Partnerships are key to the LS9 strategy. The company thinks of the renewable fuel business as having four key components—feedstock or biomass material, technology, production, and sales and distribution, according to Greg Pal, LS9’s senior director of business development. The startup plans to find partners to supply feedstock. In the beginning, these will be farmers who grow sugar cane, although the company might switch to cellulosic material like switchgrass over time if it can be obtained more cheaply. “We’re feedstock agnostic,” Pal says.
On the other end of the spectrum, LS9 is finding partners to market and distribute the end products like fuel (Chevron), or consumer chemicals (Procter & Gamble). What LS9 wants to retain, its secret sauce, are the engineered microbes that convert the sugar into fuel—the core technology. And, even though this is an expensive proposition, it also wants to control the production of fuels, del Cardayre says.
He didn’t say how much capital this will take, and how many fermentation plants LS9 wants to build around the country. The idea is still obviously a long, long way from fundamentally disrupting the way transportation works in developed countries. The global market for energy and transportation is worth an estimated $7 trillion.

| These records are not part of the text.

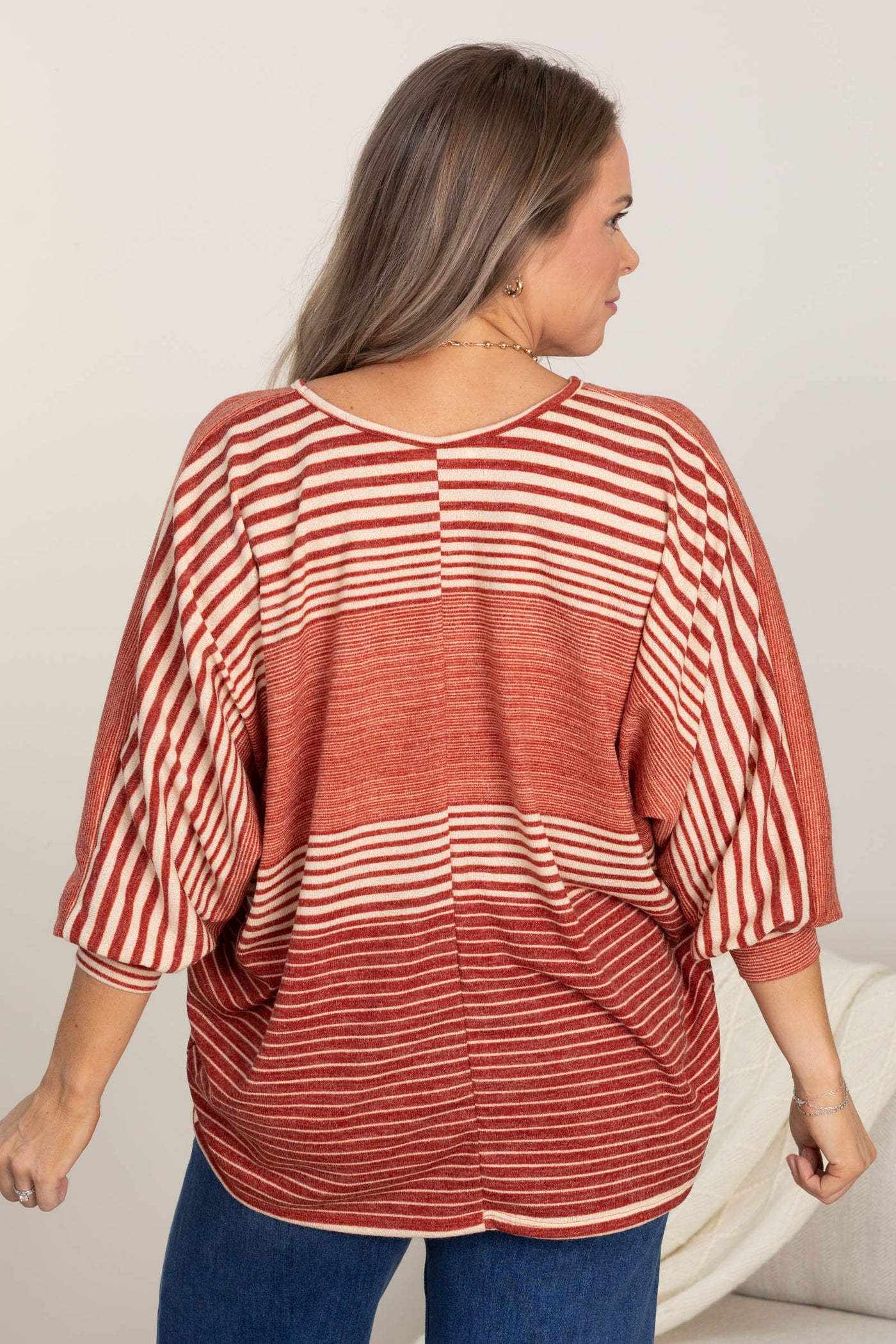 Cranberry With Cream Stripes V-Neck Knit Top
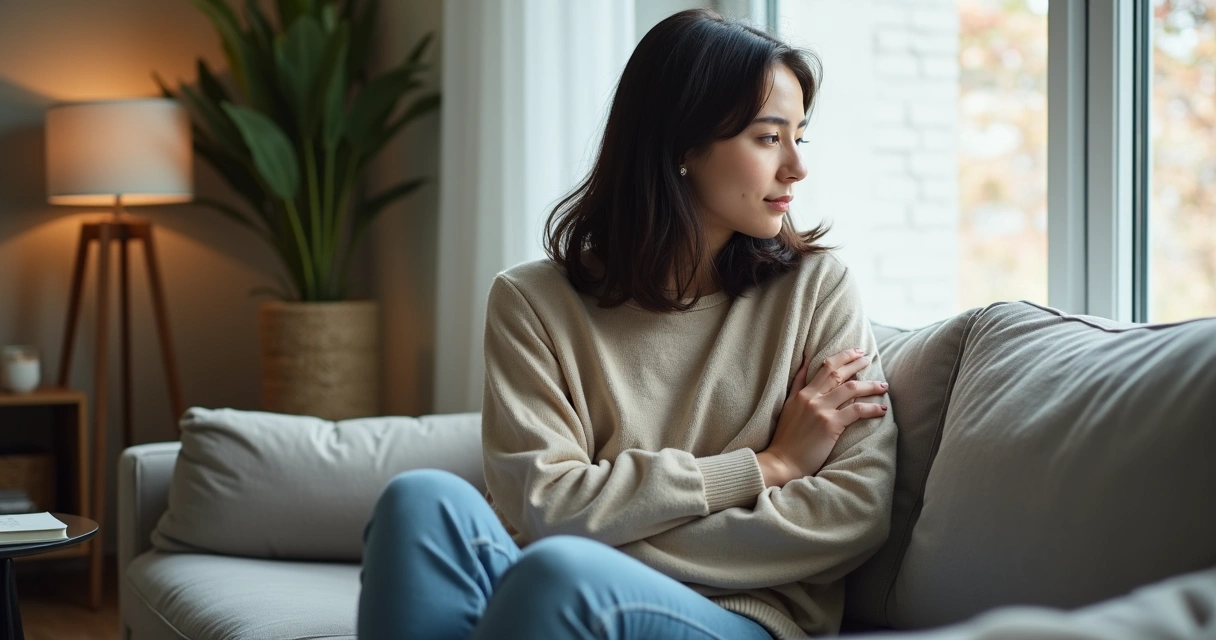 Mulher sentada no sofá olhando pela janela em postura de reflexão e tristeza 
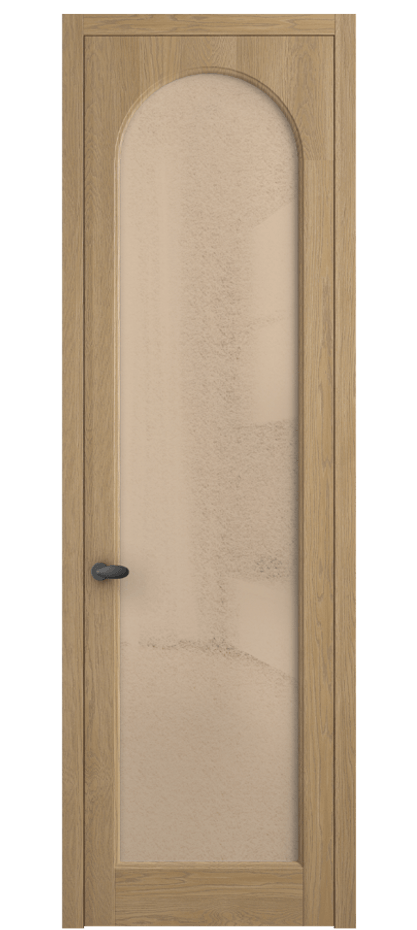 Межкомнатная дверь Палаццо 6804 Дуб соломенный матовый Фактурное оранжевое стекло "Лёд", триплекс Цена 1069100 AMD | Volhovec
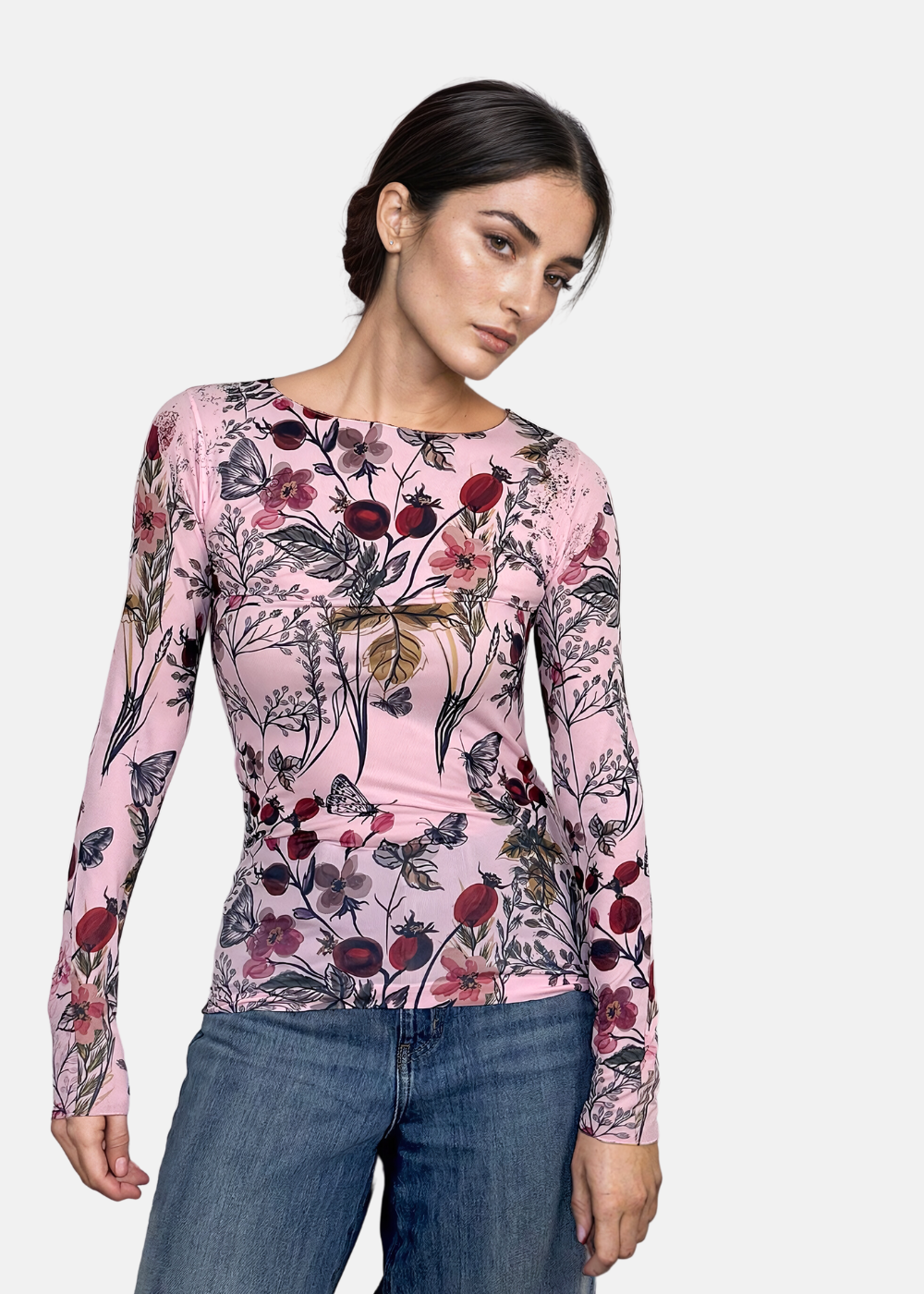 AMB Designs – Engroshandel Bluse - Dame – Hello Blossom Second Skin Raw Edge Top3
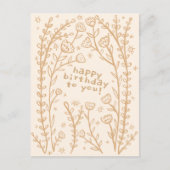 HAPPY BIRTHDAY Floral Whimsical Sketch Doodle Briefkaart (Voorkant)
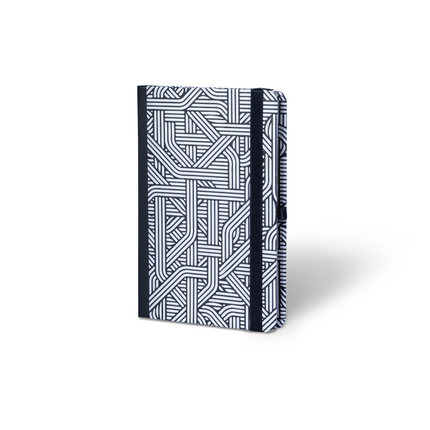 Portada Sketchbook Alpen 12×20 cm con tapa dura de rayas negras, banda elástica negra y 84 hojas blancas.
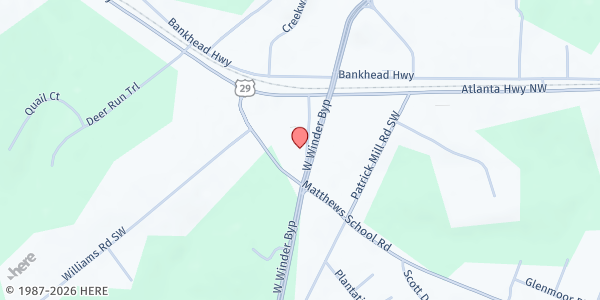 Map showing Saint Vincent De Paul, St Matthew Winder Conference at 25 Wilkins Rd SE, Winder, GA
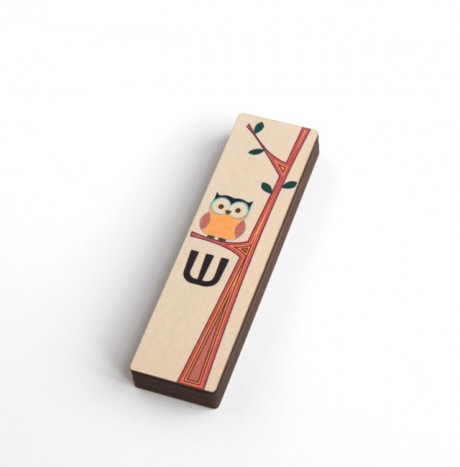 Mezuzah Case-Owl design- Off White & Pink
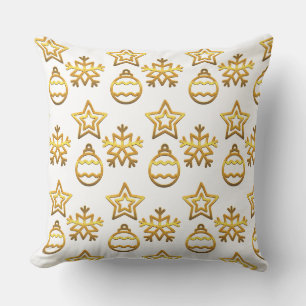 Elegantes goldenes Weihnachtsmuster auf Weiß Kissen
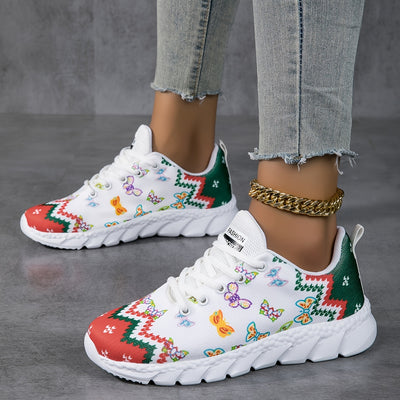 Cute and Comfy: Women's Cartoon Print Casual Sneakers - Perfect for Lightweight Running and Christmas Cheer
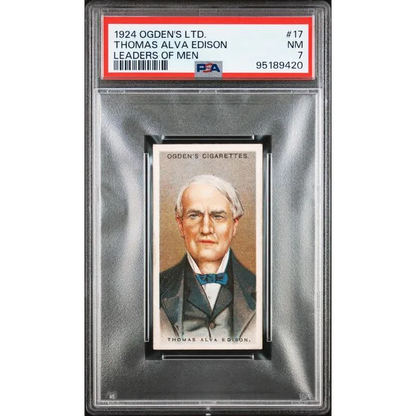 Graded 1924 Ogden's LTD. Leaders of Men Thomas Alva Edison #17 Baseball Tobacco Card PSA 7 Near Mint | Hall of Fame Sports Memorabilia | vintageantiquesgifts.com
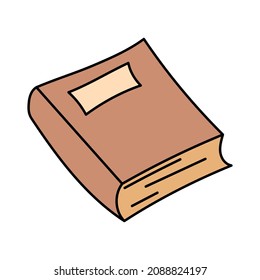 Libro vector dibujado a mano en estilo doodle, aislado en fondo blanco.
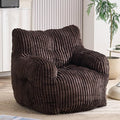 GDFStudio 37" Bean Bag Chair Oversize Bean Bag Lazy Floor Sofa with Back Support Comfy Corduroy Memory Foam Chair with Armrest for Living Room Bedroom, Brown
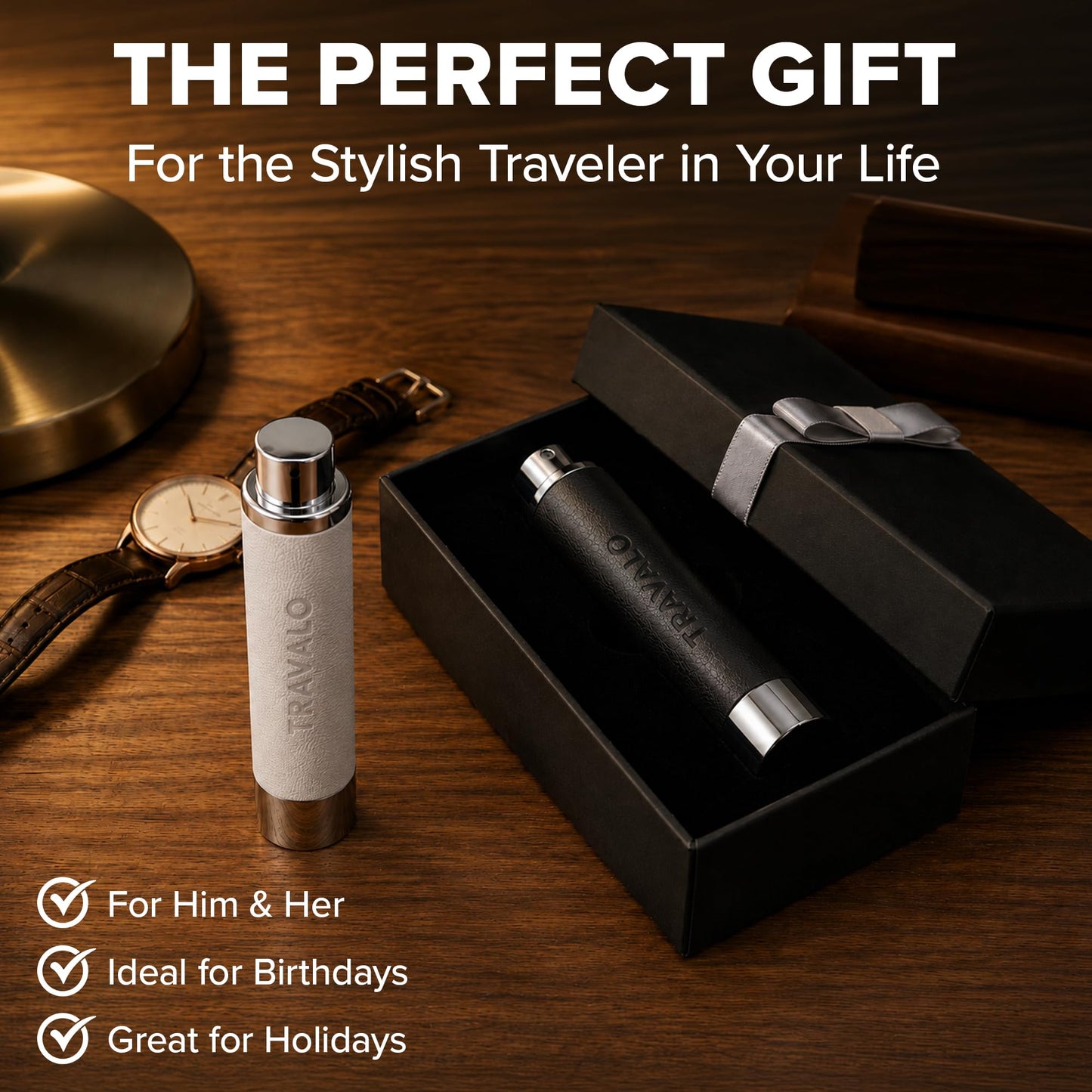 Travalo Walzer Refillable Perfume Atomizer - Pocket-Size, Leak-Proof, Glass-Free Spray Bottle Safe for Air Travel - Mini Perfume Bottle with Black Leather Cover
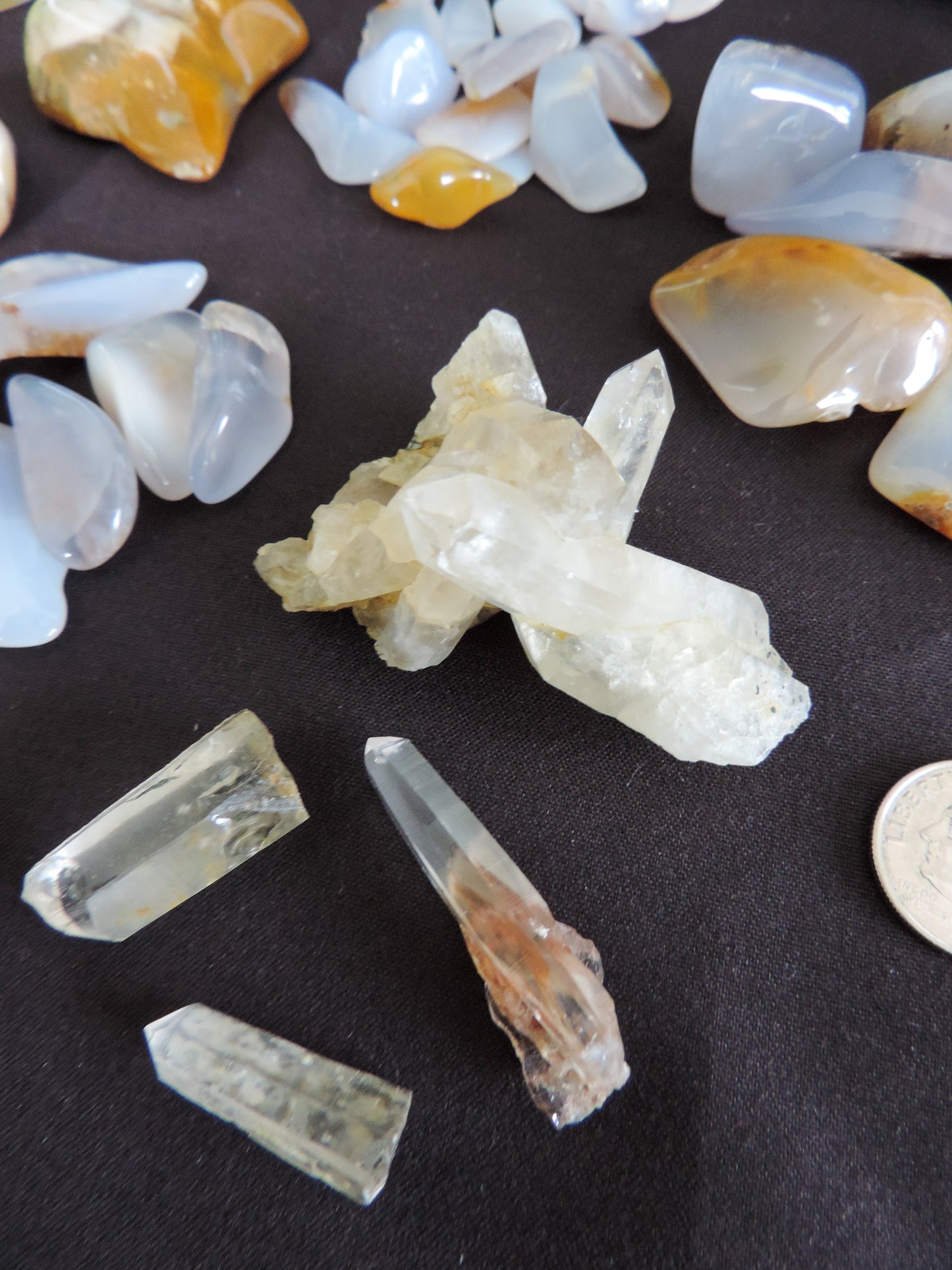 Yellowstone Country Treasure Sampler.  Natural earth items in this sampler package include:  1 large black agatized wood with really nice crystal pocket, $32  1 large petrified wood (rough) $19.75  1 medium petrified/agatized wood (rough) $15.75  2 polished petrified wood (medium) $10.99  3 polished petrified wood (small) $10.99  1 medium madison blue agate, high quality (rough) $7  1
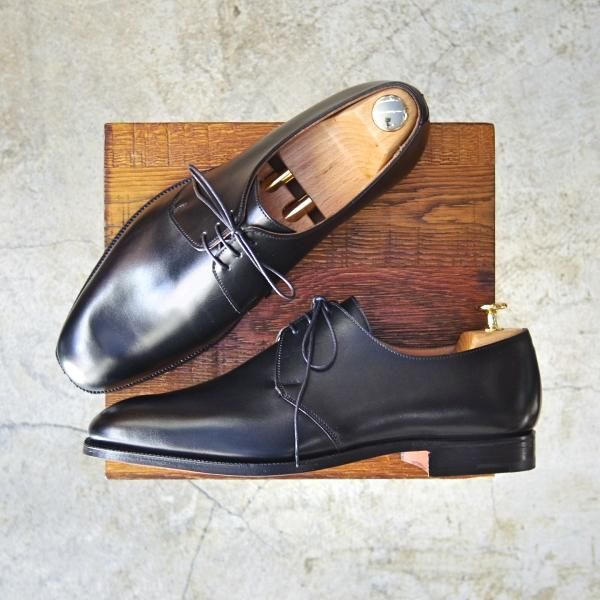 新品★クロケット＆ジョーンズ 9E【★ロイドフットウェア/Lloyd Footwear別注】プレーントゥ/Vフロント/カーフ/黒/Crockett＆Jones★c285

If LS9’s big fermentation plant in Florida can prove that it remains as efficient at large scale as it is now at 1,000 liters—which would be a significant feat of engineering—it will still only provide a tiny portion of the supply for even the state of Florida’s diesel needs.
But that’s the plan, to get into production. LS9’s CEO, Bill Haywood, has loads of experience at oilmaker Tesoro in building up production facilities, getting them started, and running them efficiently. The company isn’t asking anybody to change the car they drive, the station they fill up at, or the fuel they put in their tank. To the consumer, the only major difference is that the fuel comes from a renewable source. There will probably be publicity stunts or displays of political theater, showing renewable fuel in jets or race cars, which can be good for raising money. LS9, like most biofuel companies, is also going to take advantage of government tax breaks and subsidies whenever and wherever it can. But the real proof of whether LS9 will make a difference, R&D chief del Cardayre says, will be when big customer orders start coming in.
“It’s when your big customer says ‘We like your material, and we’ll buy as much of it as you can make,'” del Cardayre says. “That’s when you know.”